Écrit par Josué Morel

Il y a une raison pour laquelle le portrait que Bradley Cooper consacre au compositeur de West Side Story s’appelle Maestro et non « Bernstein » : l’acteur-réalisateur a compris qu’un bon biopic n’est jamais qu’une histoire vraie reconfigurée à l’aune d’un point de vue. La clef de sa réussite ne réside donc pas dans l’exhaustivité des épisodes marquants, et encore moins dans leur exactitude historique ; ce qui compte est de poser une hypothèse, davantage formelle que psychologique, permettant de saisir l’essence d’une figure. Celle de Maestro est résumée par le personnage qui, au détour d’une interview télévisée tournée dans son propre salon, tente de définir ce qui se joue dans l’articulation de ses différentes activités : Bernstein est autant un créateur (celui qui, tourné vers sa vie intérieure, travaille seul dans son bureau) qu’un interprète (soit une figure extravertie qui étale sa virtuosité sur scène).
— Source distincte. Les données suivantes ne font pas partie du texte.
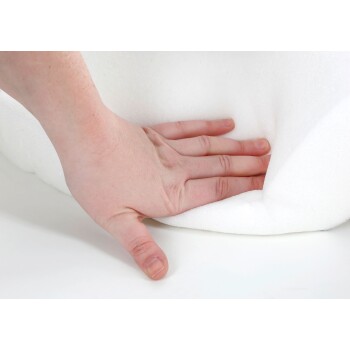 Eine Hand drückt auf eine weiche, weiße Schaumoberfläche und demonstriert deren Polsterung und Komfort.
Sans doute que Cooper, qui porte justement ici les deux casquettes, celle du créateur et de l’interprète, a vu en Bernstein l’opportunité de brosser une sorte d’autoportrait « schizophrène » – pour reprendre la conclusion à laquelle arrive le musicien en évoquant la dualité de son labeur –, mais le film fait surtout de cette logique un pur principe de mise en scène. Prenons par exemple les débuts triomphaux du chef d’orchestre. Dans un plan étourdissant, Cooper montre comment l’appartement new-yorkais de Bernstein, plongé dans la pénombre et dont la grande baie vitrée est voilée d’un rideau semblable à celui d’un théâtre, devient l’antichambre du Carnegie Hall où se produit l’Orchestre philharmonique qu’il va diriger pour la première fois. Coulisses et scène forment un même espace continu, comme la vie privée de Bernstein se confond avec celle de l’artiste.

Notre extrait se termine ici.